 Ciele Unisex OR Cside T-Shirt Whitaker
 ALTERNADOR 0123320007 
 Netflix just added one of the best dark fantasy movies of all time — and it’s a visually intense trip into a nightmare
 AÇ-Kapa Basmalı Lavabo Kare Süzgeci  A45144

...

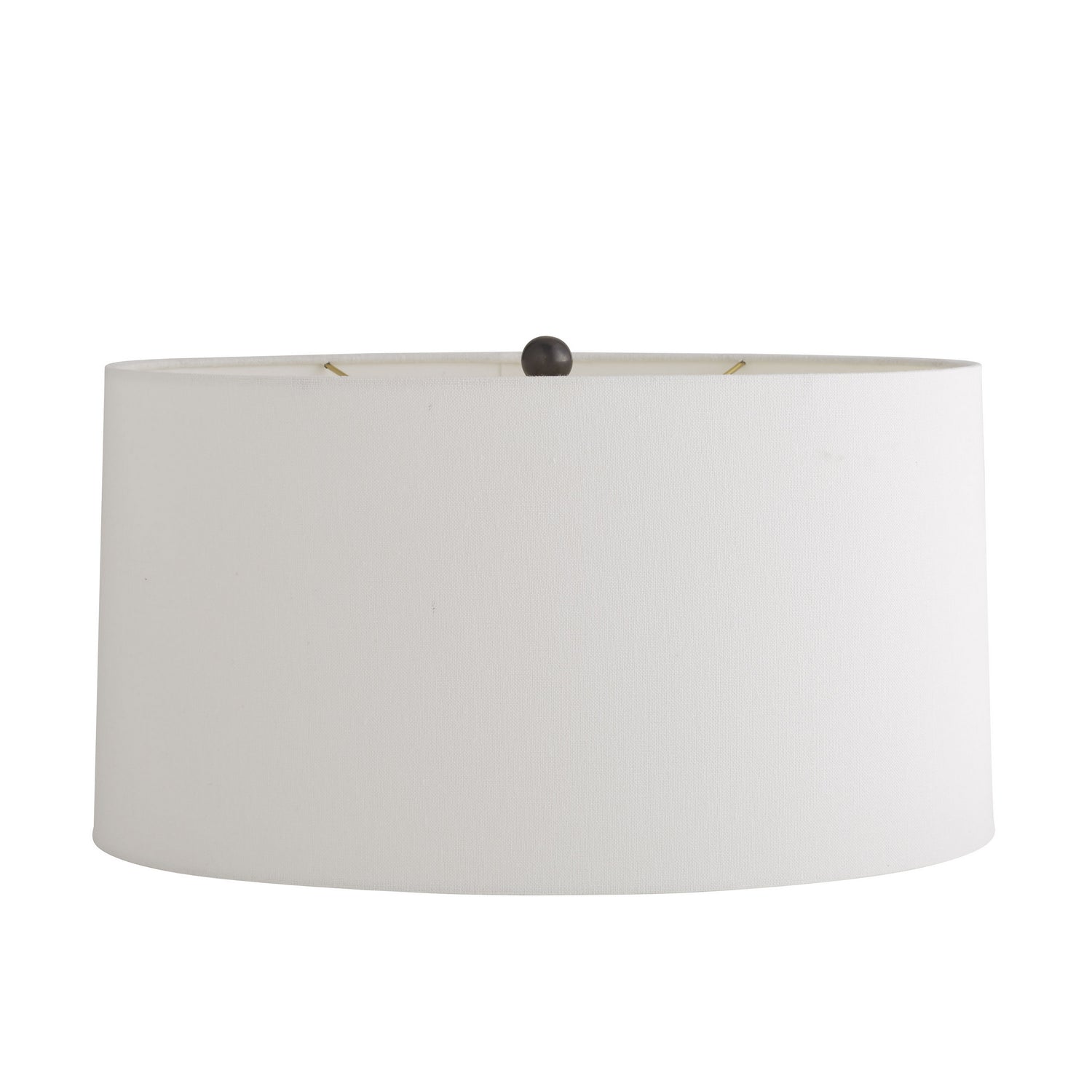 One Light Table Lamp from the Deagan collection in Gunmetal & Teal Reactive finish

TASK INSTRUCTIONS :: Using the data above, repeat exactly the lines that begin at the line with "Ciele Unisex OR Cside T-Shirt Whitaker" and end at the line with "AÇ-Kapa Basmalı Lavabo", both ends included.

EXPECTED ANSWER ::
 Ciele Unisex OR Cside T-Shirt Whitaker
 ALTERNADOR 0123320007 
 Netflix just added one of the best dark fantasy movies of all time — and it’s a visually intense trip into a nightmare
 AÇ-Kapa Basmalı Lavabo Kare Süzgeci  A45144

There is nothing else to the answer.